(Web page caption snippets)

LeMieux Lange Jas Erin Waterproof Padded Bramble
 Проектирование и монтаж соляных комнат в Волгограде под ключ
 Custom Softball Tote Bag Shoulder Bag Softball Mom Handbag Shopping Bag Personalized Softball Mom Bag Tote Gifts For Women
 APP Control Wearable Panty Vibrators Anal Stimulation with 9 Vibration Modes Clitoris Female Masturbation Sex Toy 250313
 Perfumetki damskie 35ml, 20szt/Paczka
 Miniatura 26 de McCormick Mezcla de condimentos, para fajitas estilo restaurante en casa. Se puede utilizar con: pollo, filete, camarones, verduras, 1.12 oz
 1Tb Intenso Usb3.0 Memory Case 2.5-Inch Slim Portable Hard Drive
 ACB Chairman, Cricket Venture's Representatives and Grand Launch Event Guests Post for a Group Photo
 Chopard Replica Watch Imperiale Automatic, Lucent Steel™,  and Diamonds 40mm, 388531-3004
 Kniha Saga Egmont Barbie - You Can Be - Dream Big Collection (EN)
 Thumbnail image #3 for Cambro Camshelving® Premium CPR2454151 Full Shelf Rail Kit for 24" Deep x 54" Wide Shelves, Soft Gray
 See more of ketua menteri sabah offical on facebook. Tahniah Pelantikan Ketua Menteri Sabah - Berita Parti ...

• **Task statement**
Line by line, please reproduce the records exactly.

• **Answer to this exercise**
LeMieux Lange Jas Erin Waterproof Padded Bramble
 Проектирование и монтаж соляных комнат в Волгограде под ключ
 Custom Softball Tote Bag Shoulder Bag Softball Mom Handbag Shopping Bag Personalized Softball Mom Bag Tote Gifts For Women
 APP Control Wearable Panty Vibrators Anal Stimulation with 9 Vibration Modes Clitoris Female Masturbation Sex Toy 250313
 Perfumetki damskie 35ml, 20szt/Paczka
 Miniatura 26 de McCormick Mezcla de condimentos, para fajitas estilo restaurante en casa. Se puede utilizar con: pollo, filete, camarones, verduras, 1.12 oz
 1Tb Intenso Usb3.0 Memory Case 2.5-Inch Slim Portable Hard Drive
 ACB Chairman, Cricket Venture's Representatives and Grand Launch Event Guests Post for a Group Photo
 Chopard Replica Watch Imperiale Automatic, Lucent Steel™,  and Diamonds 40mm, 388531-3004
 Kniha Saga Egmont Barbie - You Can Be - Dream Big Collection (EN)
 Thumbnail image #3 for Cambro Camshelving® Premium CPR2454151 Full Shelf Rail Kit for 24" Deep x 54" Wide Shelves, Soft Gray
 See more of ketua menteri sabah offical on facebook. Tahniah Pelantikan Ketua Menteri Sabah - Berita Parti ...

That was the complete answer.